Maybe not the last, however. The 5-foot-3 sophomore has a knack for getting inside an opponent's head and under her skin with dogged marking.
It's something Cougars coach Cheryl Burns has come to expect.
``Sometimes I take her for granted,'' Burns said. ``She did something in a game the other day, and all of a sudden it hit me I won't have her next year. And I turned to someone and said, `God, I'm going to miss her.' She's just so good, sometimes you forget how good.''
Ruppert's efforts have helped Camden County to a 9-3-1 start. The Cougars have given up six goals.

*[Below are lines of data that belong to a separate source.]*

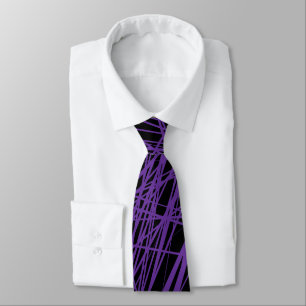 Abstract Lines - Grape on Black Tie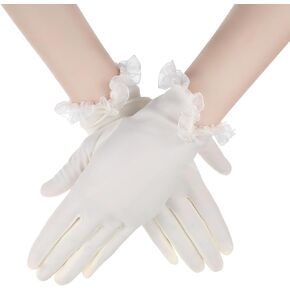 Women's Short White Gloves with Pearl Bridal Lace Gloves 1920s Stretchy Glove for Wedding Opera Party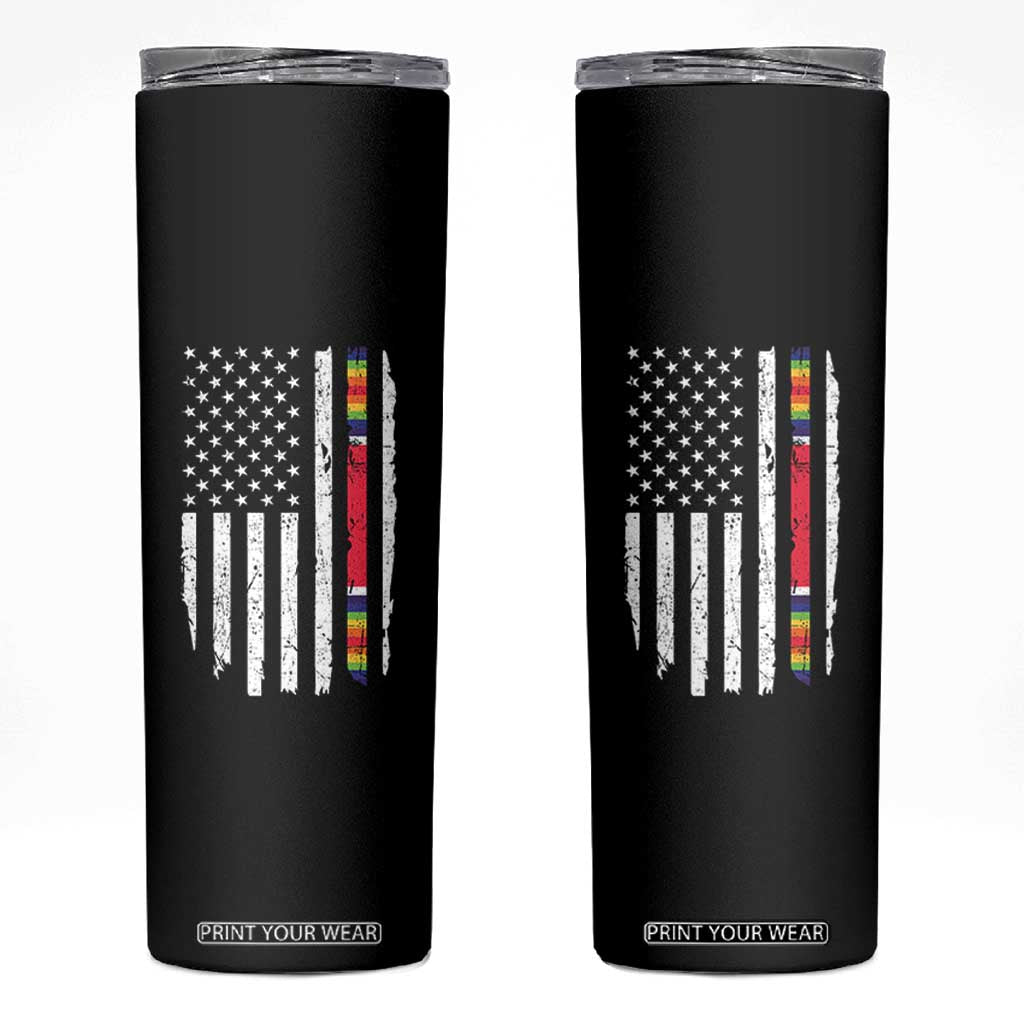WW2 World War II Vintage American Flag Skinny Tumbler TS11 Black Print Your Wear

The defense will be further tested in the season's stretch run - goalie Ali Marinucci is out for the season with a knee injury. Ruppert is still there, though, using her own brand of defensive psychology.

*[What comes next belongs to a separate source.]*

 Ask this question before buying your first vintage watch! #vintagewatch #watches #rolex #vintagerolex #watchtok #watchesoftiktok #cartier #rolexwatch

``Girls don't always like to have someone on their back all the time, and in their face and always pushing them,'' Ruppert said. ``I think I aggravate them a lot. I like when I aggravate them, because then you know you have an advantage over them.
``But I don't like getting hit,'' she said with a laugh. ``Go ahead and push me, but don't hit me!''
Ruppert credited her father, Jack, for instilling that aggressiveness. Jack Ruppert signed his daughter up for a coed league when she was young, and she immediately became a defender.
``I know I can't shoot. As soon as I get up toward the goal, I pass it off to a forward,'' said Ruppert, who did score in Camden County's 2-1 win over Middlesex on Saturday.
After playing four years at outside fullback for Washington Township, Ruppert figured her soccer career was over.
``I knew I wanted to go to college,'' she said, ``but I didn't want to play soccer if I had to go to a bigger school, because it's too time-consuming. At college, you have to work at your studies.''
Burns had other ideas, though, and sold Ruppert on the benefits of junior college.
``I knew someone who played softball with her, and the word I got was how incredibly athletic and fast and aggressive she was,'' Burns said. ``All she did in high school was chase the ball and kick it out, so I'm not sure if they were getting the most of her abilities.''
Burns' efforts paid off, and Ruppert decided on Camden County ``because I could play competitive soccer, but it's still fun. I love playing soccer, but no way I'm getting up at five in the morning for practice like they do at some schools.''
Camden County went 11-7-1 and reached the Region 19 playoffs last season, with Ruppert earning second-team all-region honors. This season, her reputation precedes her.
``When we played Gloucester, their coach [Dan Roberts] was telling me before the game: `If we can just get past Ruppert, I think we'll have a chance,' '' said Burns, whose team won, 3-0.
Ruppert said her determination to prevent goals was more a case of loyalty than pride.
``I just don't want to let my team down or let myself down,'' she said. ``I just try not to let them get by me or turn their bodies, then I try to get it to the front line. Sometimes I can't even find the ball; I just kick it without looking.''
Which is why Burns does not play Ruppert at sweeper.
``She's so aggressive that she gets a couple calls each game for fouling,'' the coach said. ``I couldn't have her that deep in the box committing fouls.''
The coach will take those fouls, though, as long as the tenacity comes with them.
``She just never gives up,'' Burns said. ``She will play until she drops, and you can't ask for more than that from a player. She'll keel over before she stops, and she runs through people.
``She's only 5-3, but she's got muscular legs. I always like when I hear people watching the game going, `Look at that little No. 4. She's fast, she's good.' ''
Ruppert intends to transfer to a four-year school, but she believes this could be the end of her soccer career.
``I have to start working and get some money,'' she said. ``It's kind of rough to go to classes, work a job, and play soccer.''
Burns hopes she will reconsider.
``I'm trying to remind her that she didn't want to play here two years ago, but she's kept her grades up and still played,'' she said. ``She's a really good player.''
As long as she can avoid those elbows, of course.